Ahmad-Zaki/Arabic_Dialect_Identification

Repository files navigation

Arabic Dialect Identification

Introduction

Many countries speak Arabic; however, each country has its own dialect, the aim of this project is to build a model that predicts the dialect given the text.

Environment setup

# using pip
pip install -r requirements.txt

# using Conda
conda create --name <env_name> --file requirements.txt

Method

  • Start by fetching the text data from API using fetch_data.py script.
python fetch_data.py

Machine Learning Approach

  • Preprocessing:

    1- Text Normalization: Done using ArabicTextNormalizer, found in preprocessing.py

    2- Victorization using Tf-Idf vectorizer with ngram_range = (1,5) and min_df = 10.

    3- Split the dataset into training, validation, and testing splits with (8:1:1) ratio.

    • Note: Other methods were tested for Preprocessing, you can see it in preprocessing.py.
  • Training: For a machine learning approach, Logistic Regression model is used. you can train the model using trainer.py script.
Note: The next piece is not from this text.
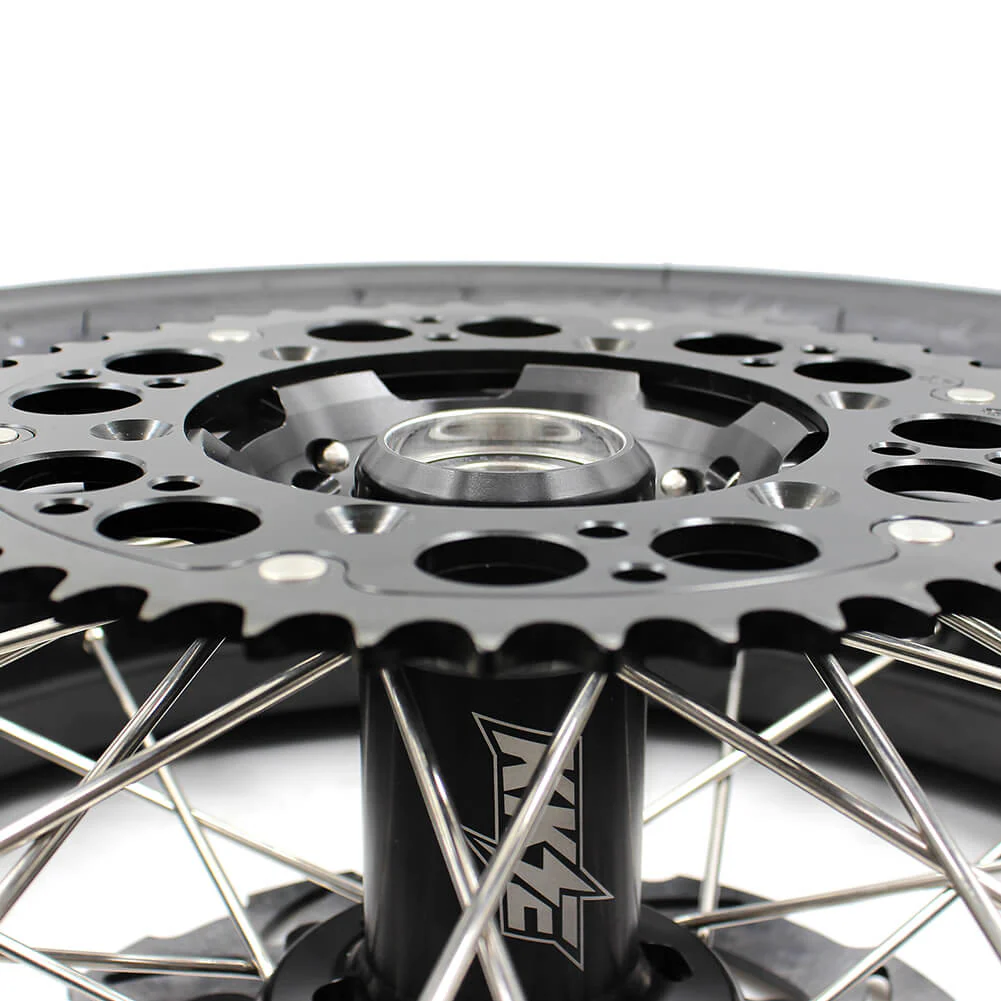 KKE 3.5/4.25*17in. Supmermoto Wheels Set For SUZUKI DRZ400SM 2005-2024 With CST Tires - Image 6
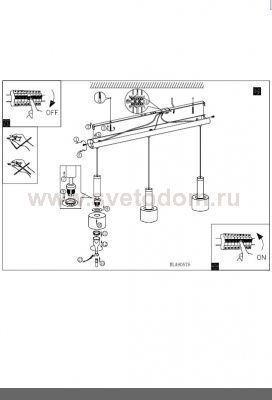 Люстра подвесная Eglo 90575 FABIANA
For more details about the training process you can see training_notebook.ipynb

    • Classification Report on test data:

      Dialect precision recall f1-score support
      AE 0.4283 0.3802 0.4028 2630
      BH 0.3661 0.2864 0.3214 2629
      DZ 0.5851 0.4376 0.5007 1618
      EG 0.6504 0.8522 0.7378 5764
      IQ 0.6775 0.4987 0.5745 1550
      JO 0.4379 0.3044 0.3592 2792
      KW 0.4177 0.6037 0.4938 4211
      LB 0.6045 0.6459 0.6245 2762
      LY 0.5952 0.6797 0.6347 3650
      MA 0.7735 0.5208 0.6225 1154
      OM 0.4402 0.2965 0.3544 1912
      PL 0.4358 0.5649 0.4920 4374
      QA 0.4537 0.4641 0.4589 3107
      SA 0.3917 0.4372 0.4132 2683
      SD 0.7652 0.5239 0.6220 1443
      SY 0.5165 0.2691 0.3538 1624
      TN 0.7488 0.3323 0.4603 924
      YE 0.5482 0.1259 0.2048 993
      accuracy - - 0.5168 45820
      macro avg 0.5465 0.4569 0.4795 45820
      weighted avg 0.5225 0.5168 0.5055 45820
    • Confusion matrix for test data:

    Confusion matrix for test data
  • Predictions: You can easily get predictions for any text using the available API. To get it started, run run.sh or type uvicorn api:app in the terminal and call the API by a POST request to 127.0.0.1:8000/predict.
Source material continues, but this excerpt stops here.